- Opening Delimiter -

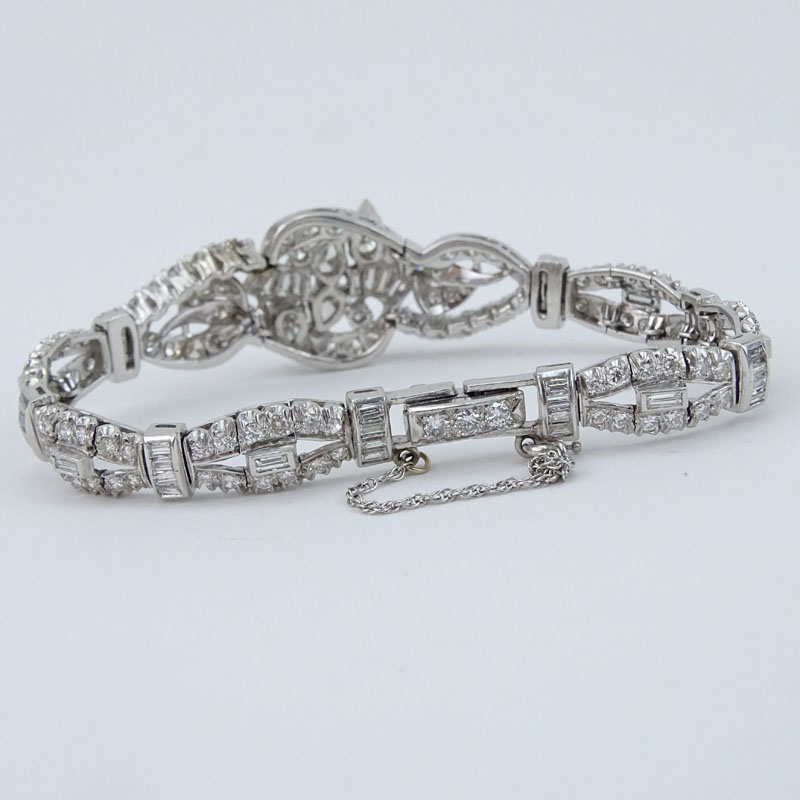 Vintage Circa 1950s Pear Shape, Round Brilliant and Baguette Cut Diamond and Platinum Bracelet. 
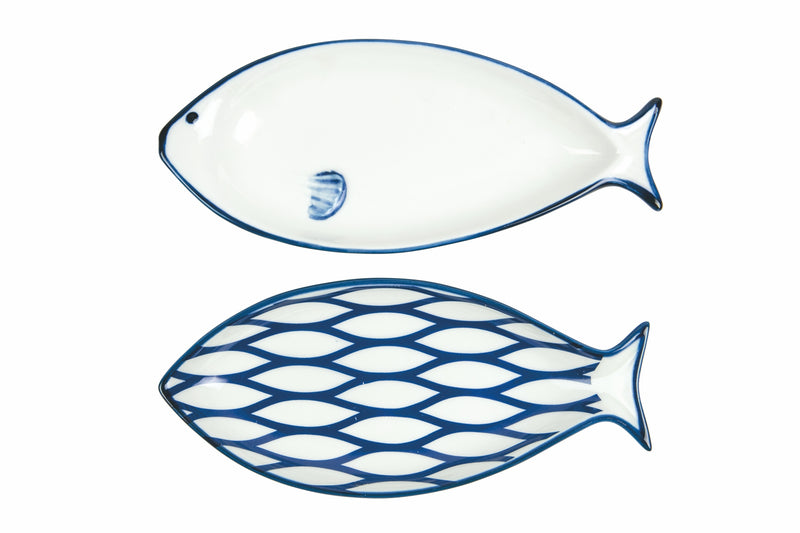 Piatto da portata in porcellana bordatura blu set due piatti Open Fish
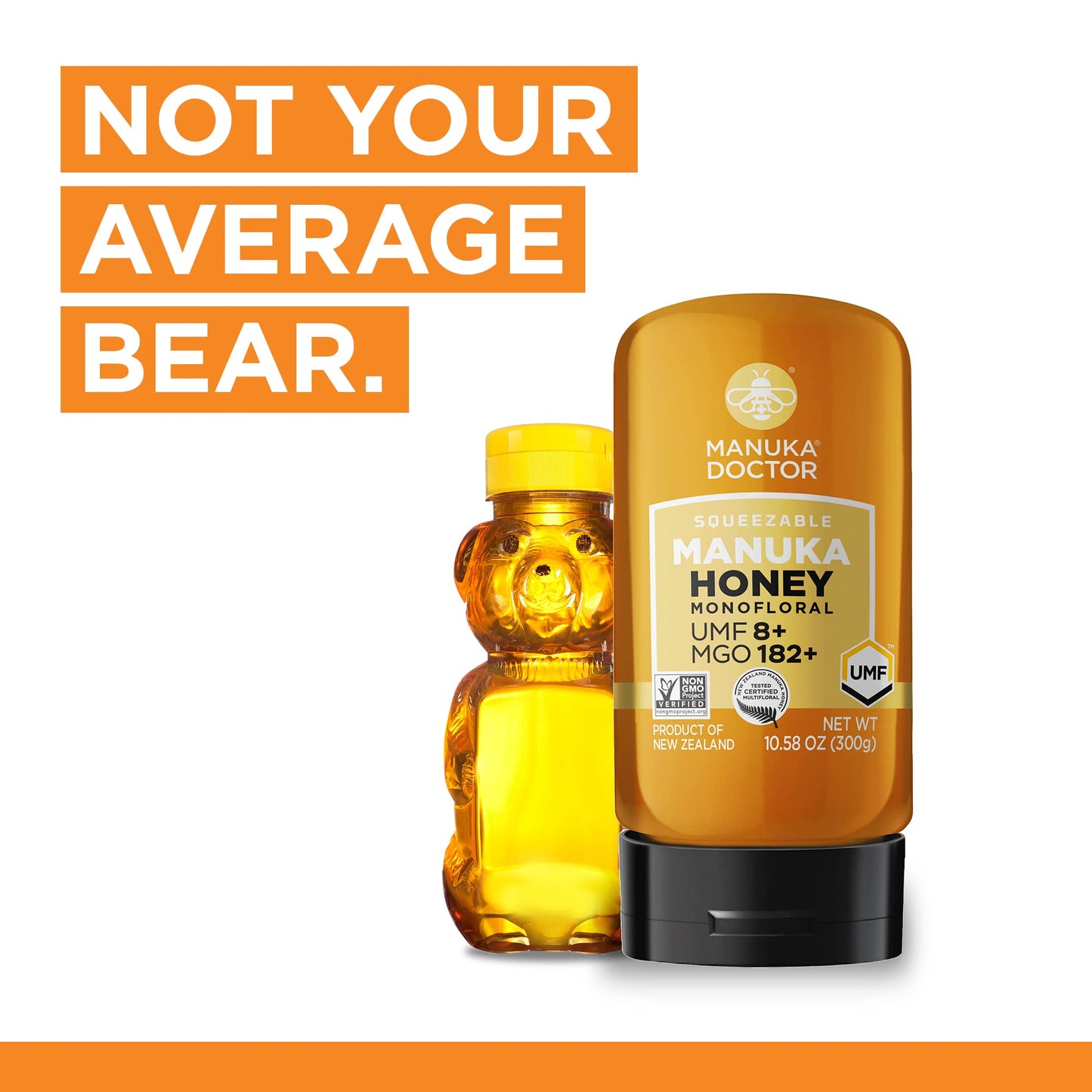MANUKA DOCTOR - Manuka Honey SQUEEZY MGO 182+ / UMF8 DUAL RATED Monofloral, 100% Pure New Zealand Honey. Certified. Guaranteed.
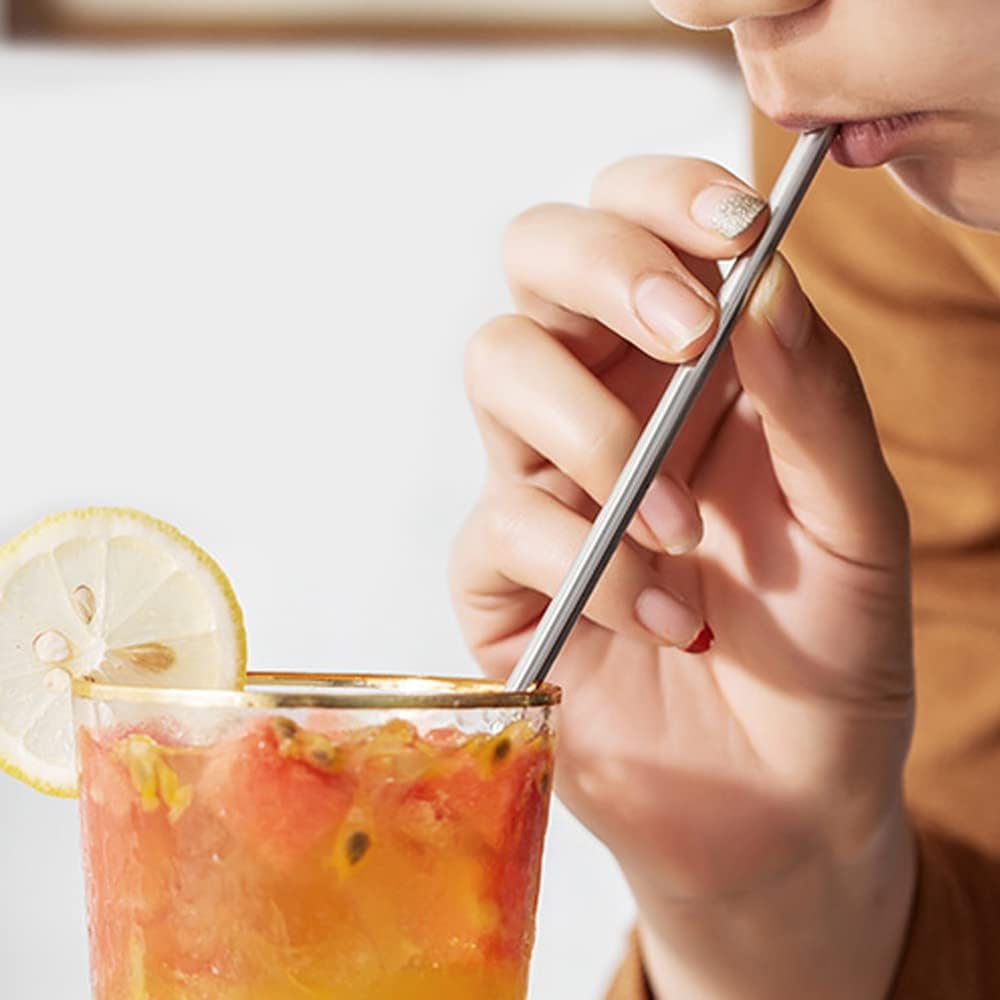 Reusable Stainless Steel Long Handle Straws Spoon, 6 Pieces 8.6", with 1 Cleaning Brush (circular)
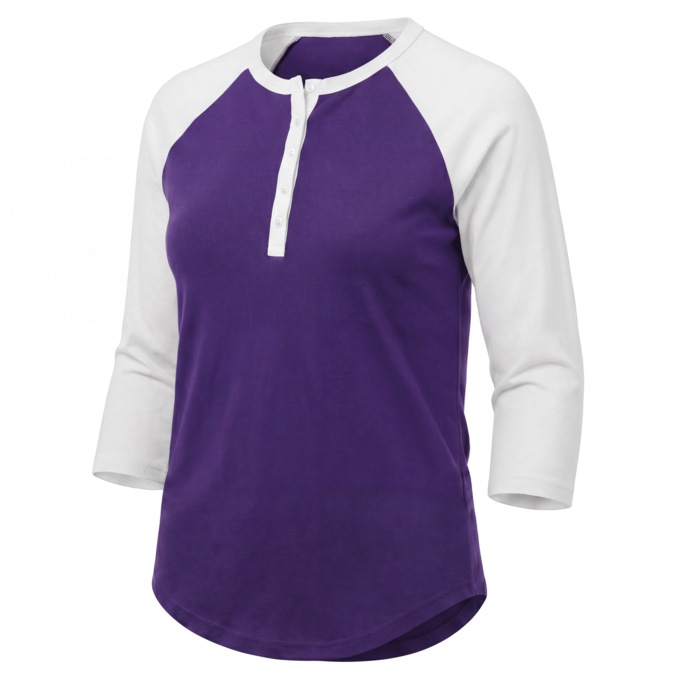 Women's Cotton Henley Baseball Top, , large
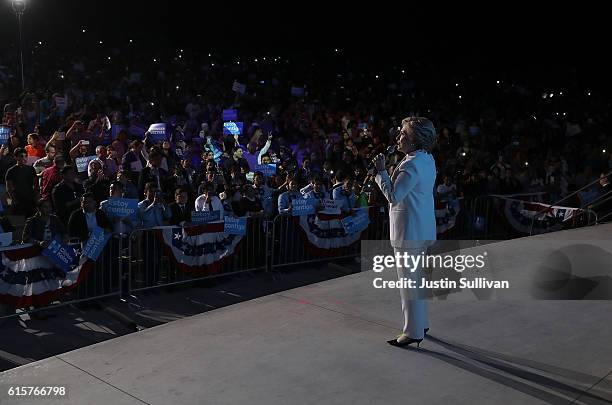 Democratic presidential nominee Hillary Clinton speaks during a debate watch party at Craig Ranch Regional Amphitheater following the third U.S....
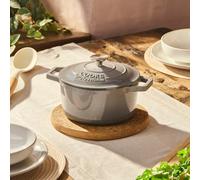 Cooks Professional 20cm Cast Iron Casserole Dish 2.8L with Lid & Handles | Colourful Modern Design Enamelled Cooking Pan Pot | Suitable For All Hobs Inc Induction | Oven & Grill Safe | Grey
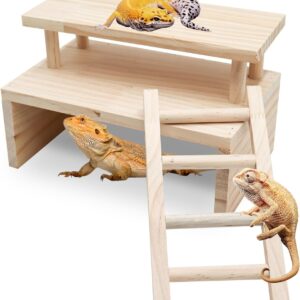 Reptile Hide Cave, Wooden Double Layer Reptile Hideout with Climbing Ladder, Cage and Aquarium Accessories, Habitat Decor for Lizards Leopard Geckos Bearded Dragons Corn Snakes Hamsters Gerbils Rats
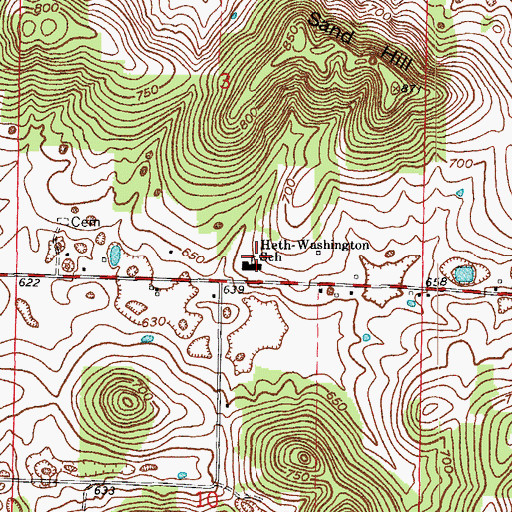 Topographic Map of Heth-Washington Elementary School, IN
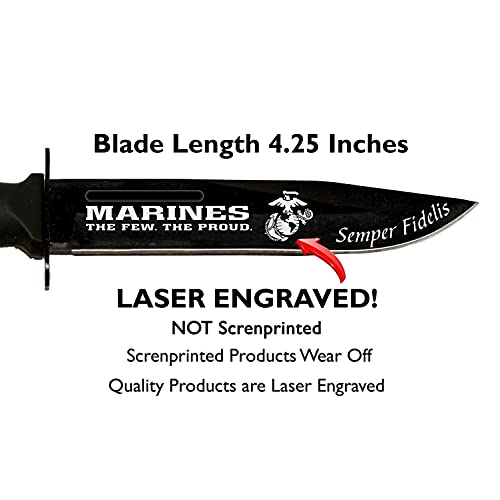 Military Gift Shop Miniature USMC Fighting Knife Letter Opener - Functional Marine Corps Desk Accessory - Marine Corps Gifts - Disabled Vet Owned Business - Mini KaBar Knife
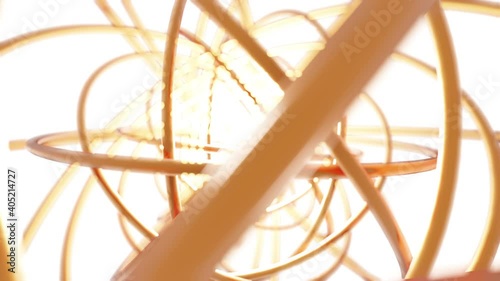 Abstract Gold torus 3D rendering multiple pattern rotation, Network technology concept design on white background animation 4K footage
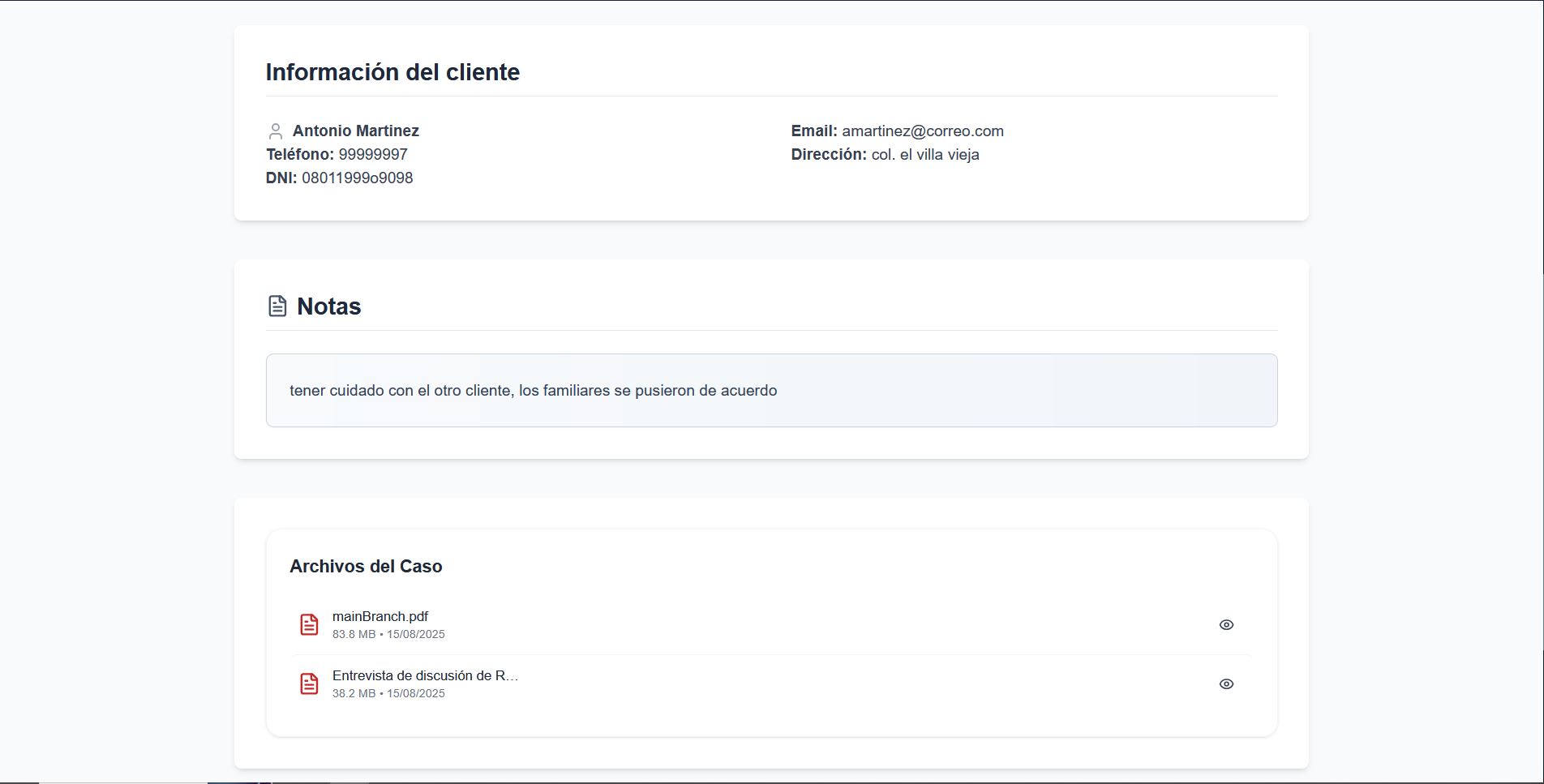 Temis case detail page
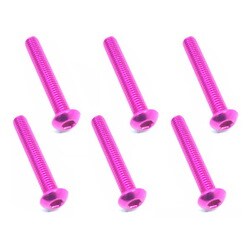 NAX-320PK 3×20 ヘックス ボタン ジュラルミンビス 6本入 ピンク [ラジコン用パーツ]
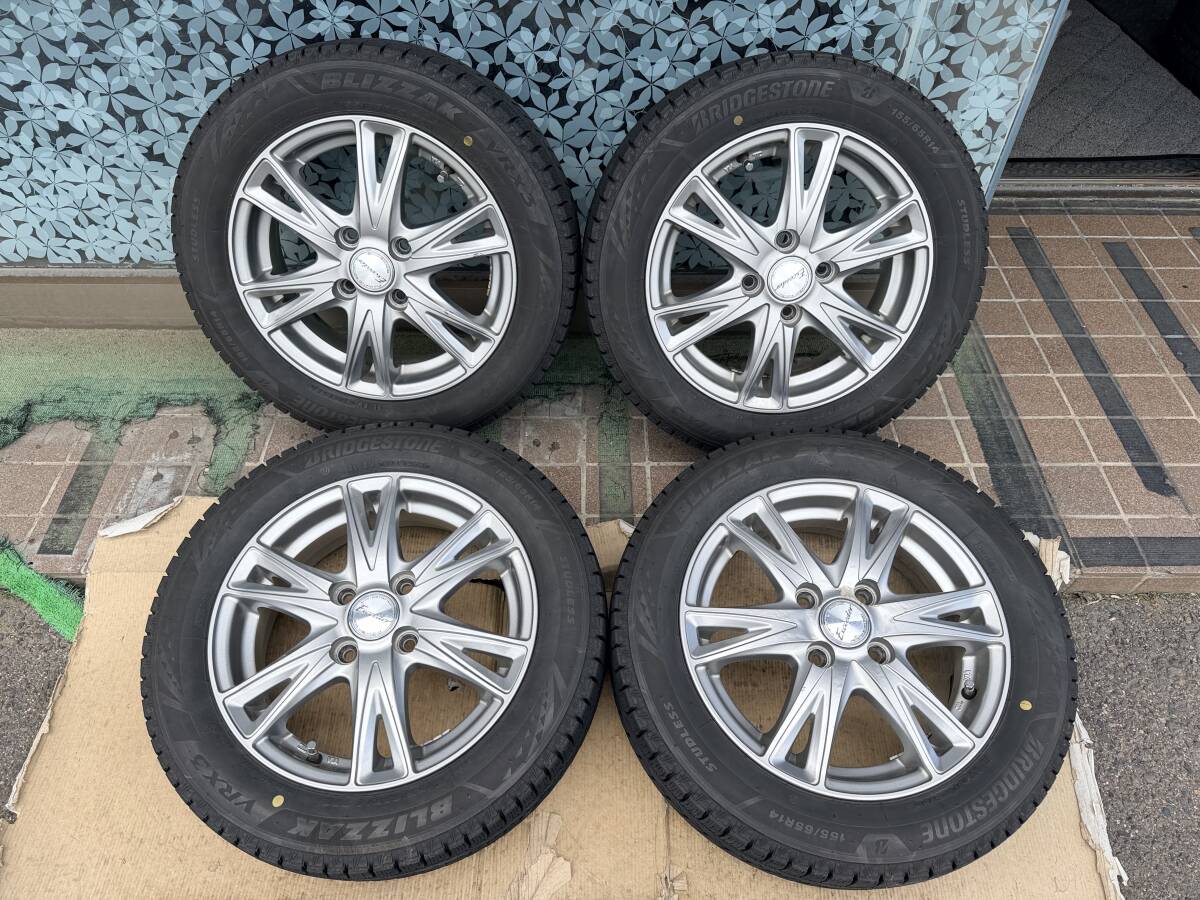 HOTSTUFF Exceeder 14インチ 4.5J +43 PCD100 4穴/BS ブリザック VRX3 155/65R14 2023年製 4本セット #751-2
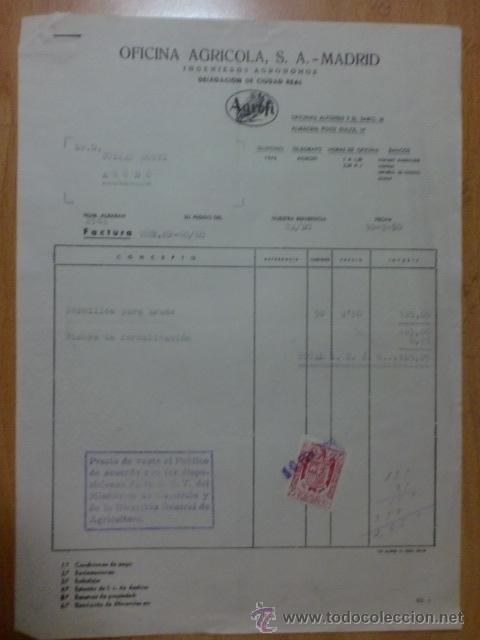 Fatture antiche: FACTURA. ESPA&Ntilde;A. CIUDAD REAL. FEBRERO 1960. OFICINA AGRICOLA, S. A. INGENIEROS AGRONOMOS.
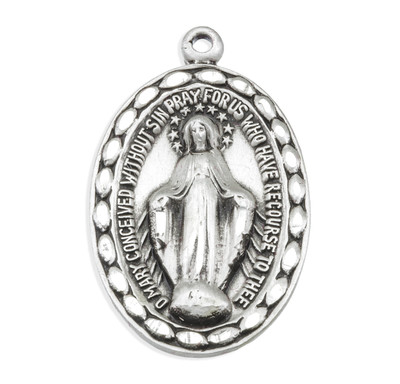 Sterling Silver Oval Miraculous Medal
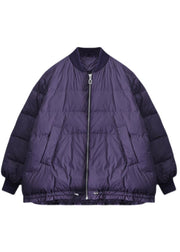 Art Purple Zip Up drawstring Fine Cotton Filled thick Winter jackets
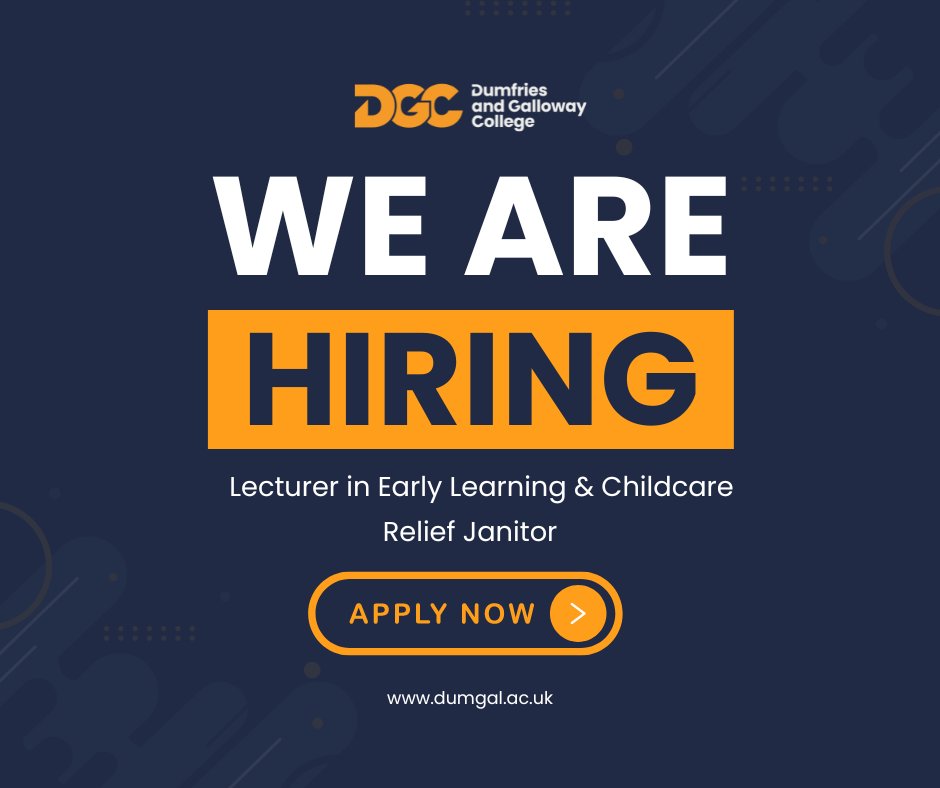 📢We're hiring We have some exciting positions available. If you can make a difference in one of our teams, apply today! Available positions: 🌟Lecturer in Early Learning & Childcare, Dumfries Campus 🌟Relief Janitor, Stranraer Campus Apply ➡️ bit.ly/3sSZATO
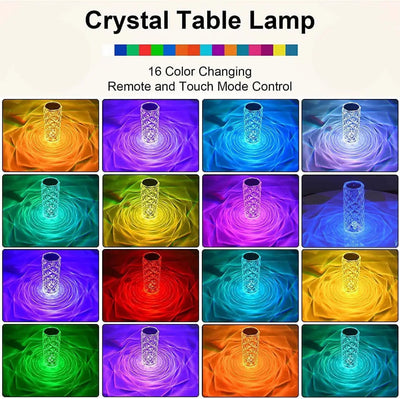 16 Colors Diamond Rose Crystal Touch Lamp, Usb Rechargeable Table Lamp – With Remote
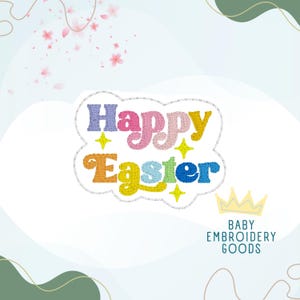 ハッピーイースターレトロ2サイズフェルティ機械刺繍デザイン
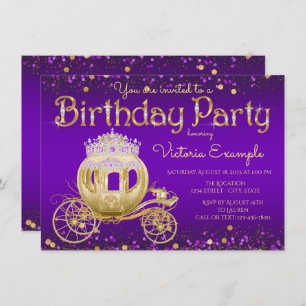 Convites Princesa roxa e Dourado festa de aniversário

- Closing Delimiter -

Reproduce the lines above exactly, image-free.

Result of the task
 Vintage Circa 1950s Pear Shape, Round Brilliant and Baguette Cut Diamond and Platinum Bracelet. 
 Piatto da portata in porcellana bordatura blu set due piatti Open Fish
MANUKA DOCTOR - Manuka Honey SQUEEZY MGO 182+ / UMF8 DUAL RATED Monofloral, 100% Pure New Zealand Honey. Certified. Guaranteed.
 Reusable Stainless Steel Long Handle Straws Spoon, 6 Pieces 8.6", with 1 Cleaning Brush (circular)
 Women's Cotton Henley Baseball Top, , large
 Democratic presidential nominee Hillary Clinton speaks during a debate watch party at Craig Ranch Regional Amphitheater following the third U.S....
 Cooks Professional 20cm Cast Iron Casserole Dish 2.8L with Lid & Handles | Colourful Modern Design Enamelled Cooking Pan Pot | Suitable For All Hobs Inc Induction | Oven & Grill Safe | Grey
 Reptile Hide Cave, Wooden Double Layer Reptile Hideout with Climbing Ladder, Cage and Aquarium Accessories, Habitat Decor for Lizards Leopard Geckos Bearded Dragons Corn Snakes Hamsters Gerbils Rats
 Topographic Map of Heth-Washington Elementary School, IN
 Military Gift Shop Miniature USMC Fighting Knife Letter Opener - Functional Marine Corps Desk Accessory - Marine Corps Gifts - Disabled Vet Owned Business - Mini KaBar Knife
 Abstract Gold torus 3D rendering multiple pattern rotation, Network technology concept design on white background animation 4K footage
 Temis case detail page
 NAX-320PK 3×20 ヘックス ボタン ジュラルミンビス 6本入 ピンク [ラジコン用パーツ]
 HOTSTUFF Exceeder 14インチ 4.5J +43 PCD100 4穴/BS ブリザック VRX3 155/65R14 2023年製 4本セット #751-2
 Fatture antiche: FACTURA. ESPA&Ntilde;A. CIUDAD REAL. FEBRERO 1960. OFICINA AGRICOLA, S. A. INGENIEROS AGRONOMOS.
 Sterling Silver Oval Miraculous Medal
 Art Purple Zip Up drawstring Fine Cotton Filled thick Winter jackets
 📢We're hiring We have some exciting positions available. If you can make a difference in one of our teams, apply today! Available positions: 🌟Lecturer in Early Learning & Childcare, Dumfries Campus 🌟Relief Janitor, Stranraer Campus Apply ➡️ bit.ly/3sSZATO
 16 Colors Diamond Rose Crystal Touch Lamp, Usb Rechargeable Table Lamp – With Remote
 ハッピーイースターレトロ2サイズフェルティ機械刺繍デザイン
 Convites Princesa roxa e Dourado festa de aniversário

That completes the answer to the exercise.